En 2008, Philippe Delerm publiait déjà, dans la collection "Le goût des mots" qu'il dirige chez Points Seuil, et dont il n'a sûrement pas choisi le nom au hasard, un recueil intitulé Ma grand-mère avait les mêmes, sous-titré Les dessous affriolants des petites phrases. On peut considérer son nouveau livre, Je vais passer pour un vieux con, lequel inaugure le transfert au Seuil de toute la production (pour cinq livres au moins) du très prolifique écrivain, comme un prolongement du précédent, traitant toutefois de domaines plus divers et dans un registre parfois différent.
Malicieux toujours, mais, avançant en âge, un poil mélancolique, Delerm n'en finit pas d'assouvir cette gourmandise pour la langue française qui le porte, vie et oeuvre mêlés. Pour ces mots qui, seuls, ne mentent pas, et ces "petites phrases" qu'on désigne comme "usuelles", presque usées, parce qu'on les emploie chaque jour ou presque, machinalement, sans toujours en connaître les origines ni en maîtriser tous les présupposés. "La maison n'accepte plus les chèques", "Comment il l'a cassé !", "J'étais pas né" et "Vous n'aimez pas l'accordéon ?", entre autres, sont tout sauf des lieux communs anodins.

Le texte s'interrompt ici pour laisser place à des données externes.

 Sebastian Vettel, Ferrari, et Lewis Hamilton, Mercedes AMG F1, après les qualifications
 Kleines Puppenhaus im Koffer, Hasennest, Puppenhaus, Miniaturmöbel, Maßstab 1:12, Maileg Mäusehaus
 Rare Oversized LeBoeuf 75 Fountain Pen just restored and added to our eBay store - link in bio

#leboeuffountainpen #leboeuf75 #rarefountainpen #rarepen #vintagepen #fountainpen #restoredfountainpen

Alors Maître Delerm, fils d'enseignants et longtemps enseignant lui-même (récemment retraité), reprend du service et nous fait savourer à nouveau les délices de l'explication de texte. Au passage, naturellement, il épingle quelques travers du monde contemporain et des pires de ses habitants : imbéciles, ignares, mufles, goujats, snobs, et autres casse-pieds. Parfois même il s'énerve, perd son flegme de fumeur de pipe un peu baba cool. Ainsi, à propos de ce supporteur vautré dans les tribunes de Roland-Garros, et il y en a toujours un, qui se croit obligé, à un moment particulièrement intense de la rencontre et dans le profond silence d'usage, de lancer un "Alleeez" tonitruant et "parfaitement vulgaire". On ne plaisante pas avec le sport : le gêneur est "un petit branleur, plutôt friqué. Un petit con".

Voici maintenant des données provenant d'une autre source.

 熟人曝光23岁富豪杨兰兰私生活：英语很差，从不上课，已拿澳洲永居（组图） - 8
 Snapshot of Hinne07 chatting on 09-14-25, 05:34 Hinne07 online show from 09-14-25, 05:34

Mais en général, Philippe Delerm est un moraliste aimable, qui, au coup de règle sur les doigts de l'élève pris en faute, préfère l'ironie. Il épingle par exemple ces people qui se croient malins, interviewés à la télévision, quand ils déclarent : "Je vais relire Proust." Ou ces auteurs "en promo" qui répondent aux questions des journalistes par un "J'en parle dans le livre" qu'il juge "obscène". Pas question pour cet amoureux de la littérature qu'un écrivain se transforme en "pitoyable commerçant". Il ne doit pas regarder souvent la télé !
"Dans son livre" à lui, ce recueil de 42 petits bijoux impeccablement ciselés, l'auteur a glissé, en incipit et en clausule, deux textes un peu plus graves. Dont "Je ne m'en servirai plus maintenant", l'histoire d'un sénior qui transmet son vélo à un plus jeune, parce qu'il sait qu'il n'a plus la force d'en faire. Tempus fugit. Philippe Delerm, lui, peut être rassuré : il a toujours la verve de ses débuts, et non, il ne passe pas pour un vieux con.